Hickory Creek
The Treasures of Hickory Creek
by Joel Greenberg

Hickory Creek was born in the time of the last glacier, which disappeared about 13,800 years ago. Small lakes formed on plains nestled between glacial ice and moraines, the ridges of crushed earth deposited by the sheets of ice. (Harlan Bretz described these water-bodies as "huge mud puddles, unattractive to anyone but a geologist.") One such lake was known as Lake Tinley, which had an outlet flowing west towards the Des Plaines River valley. That channel became Hickory Creek, the source of whose headwaters is the lowland that replaced the lake when the ice melted.

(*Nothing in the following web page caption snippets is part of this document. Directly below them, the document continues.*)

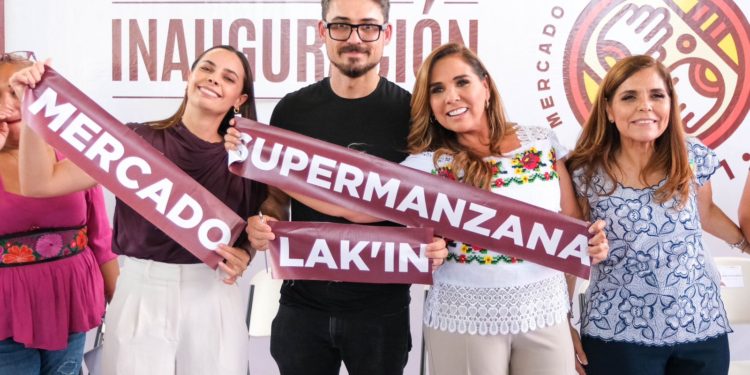 Con una inversión de 43 mdp inaugura Mara Lezama y Román Meyer el Mercado Lak´in, de la SM 259 en Cancún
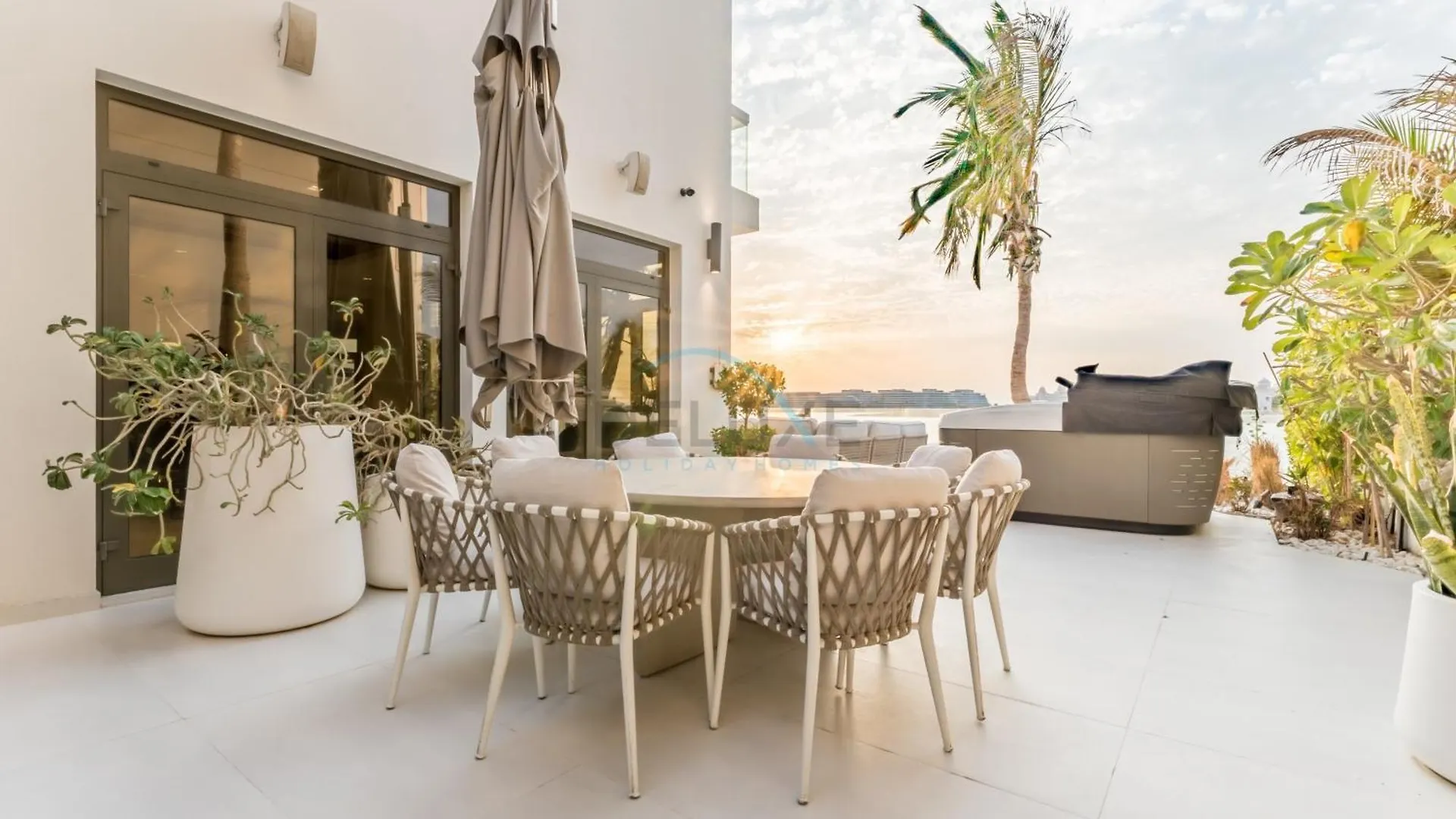 Beachfront 3Br Villa With Private Gym, Pool, Jacuzzi & Workspace, Palm Villa, Palm Jumeirah By Deluxe Holiday Homes Dubai United Arab Emirates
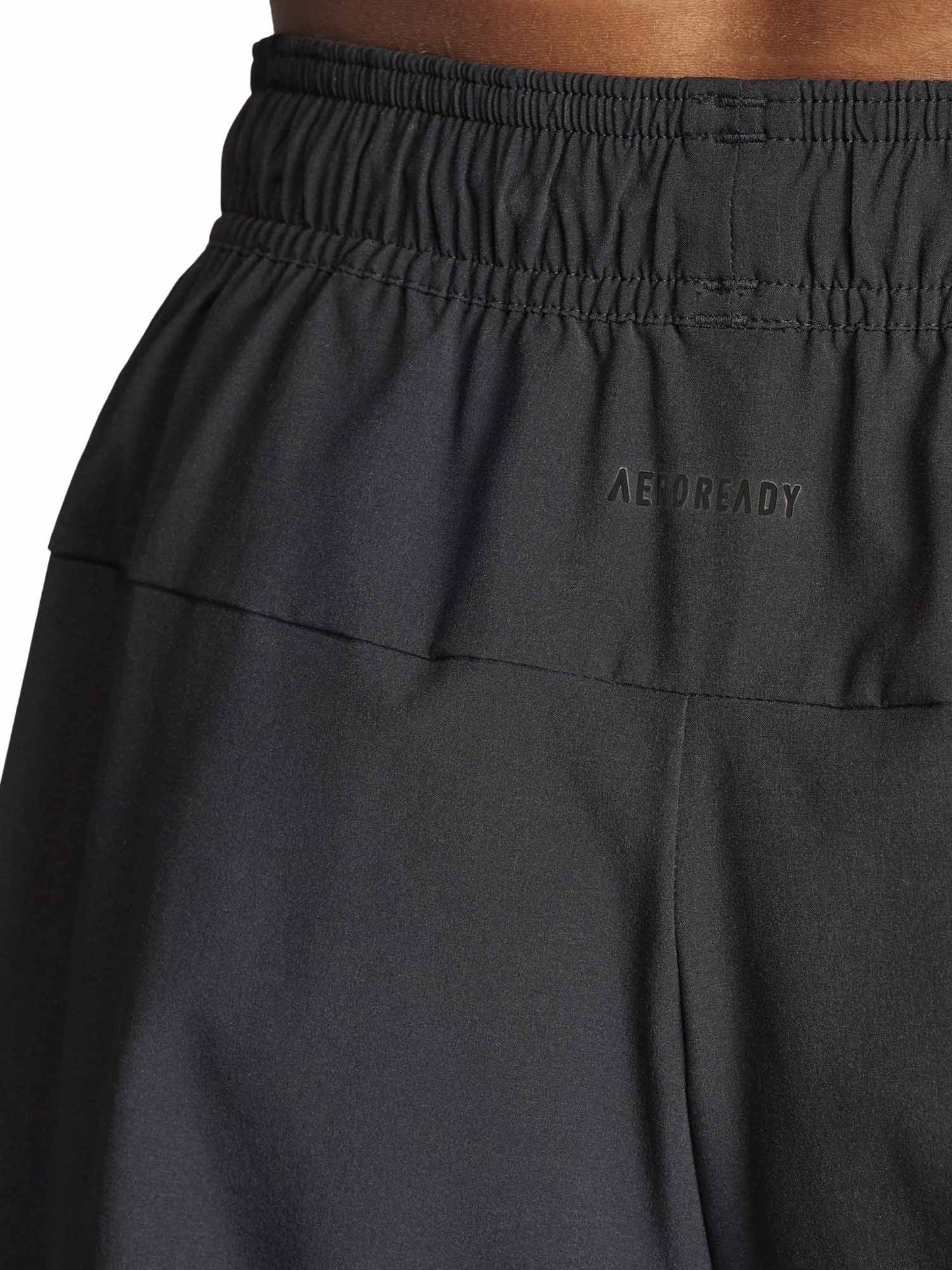 SHORT TRAINING ADIDAS DA UOMO NERO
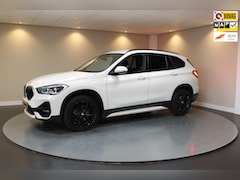 BMW X1 - SDrive18i High Executive *Sfeerverlichting* M-Stuur|M-Pook|Stoelverw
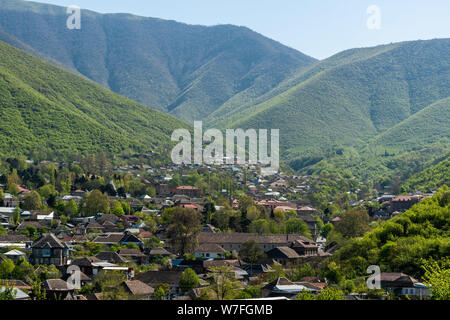 Sheki, Aserbaidschan - 29. April 2019. Blick über scheki Stadt in Aserbaidschan, in Richtung Festung Mauern und der Palast der scheki Khans. Stockfoto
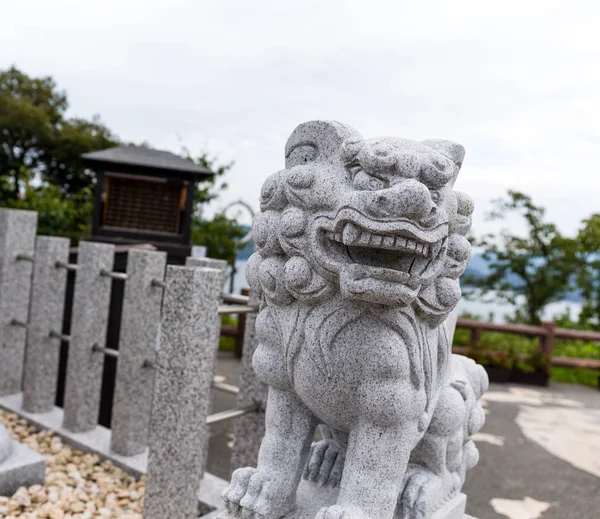Lion statue in temple — Stock Photo, Image
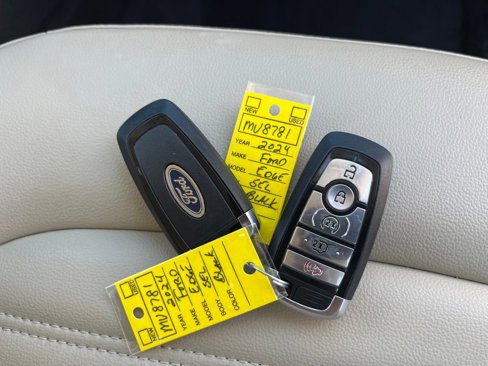 Used 2024 Ford Edge SEL w/ Convenience Package image 10
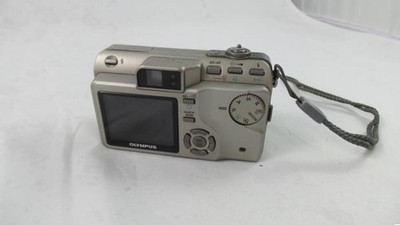 Olympus Camedia C-70 Zoom Digital Camera 7.1 MP 5x Optical Zoom | eBay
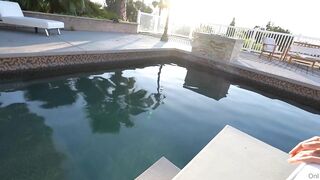 New OnlyFans Emma Hix - Outdoor Poolside Hot Fuck With Lucas Frost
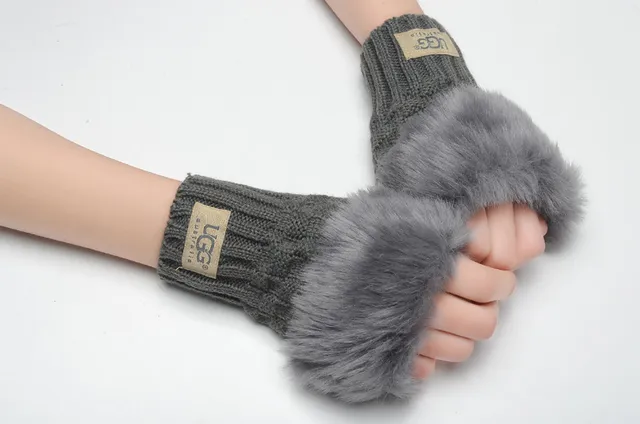 UGG Brown Beige Ribbed Shearling-Trimmed Cuff Knit Gloves 11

Hickory Creek runs for 27 miles from its origins in southwest Cook County to its confluence with the Des Plaines River at Joliet. Twenty-five tributaries enter the main stem, of which Spring Creek, Marley Creek, and Union Ditch are the largest. The total area drained by these streams is about 107 square miles. This watershed was a microcosm of the entire region. There was rich prairie on the extensive plains, fecund marsh in the low lands, barrens and savannas on rolling moraines, and even stately forests in ravines and west side of streams.

From their headwaters to mouth, streams are not uniform but vary significantly in character. Most of the upper portion of Hickory Creek is flat, creating a low-gradient stream that gently meanders towards its mouth. But then as it approaches the steeper lower valley, the water picks up speed. Water moving over a hard bottom and fed by springs gains oxygen, attains greater clarity, and creates a substrate of various size rocks free of sediment. The more variation there is in the creek, the greater the range of organisms that can find suitable habitat. And, in particular, these conditions are essential to many of the more disturbance-sensitive animals like darters and stoneflies.

Most of the streams of the Chicago region, including the larger rivers, held little water during the dry months of summer or early fall. Hickory Creek, however, was different, as this description from the 1830s attests: "Hickory Creek was a well behaved stream which never failed to furnish abundant water for cattle farmers and the mills, some of which operated year round. It was a well defined body of water lasting the whole year. It was well stocked with fish of the pickerel and pike species, with bullhead and catfish."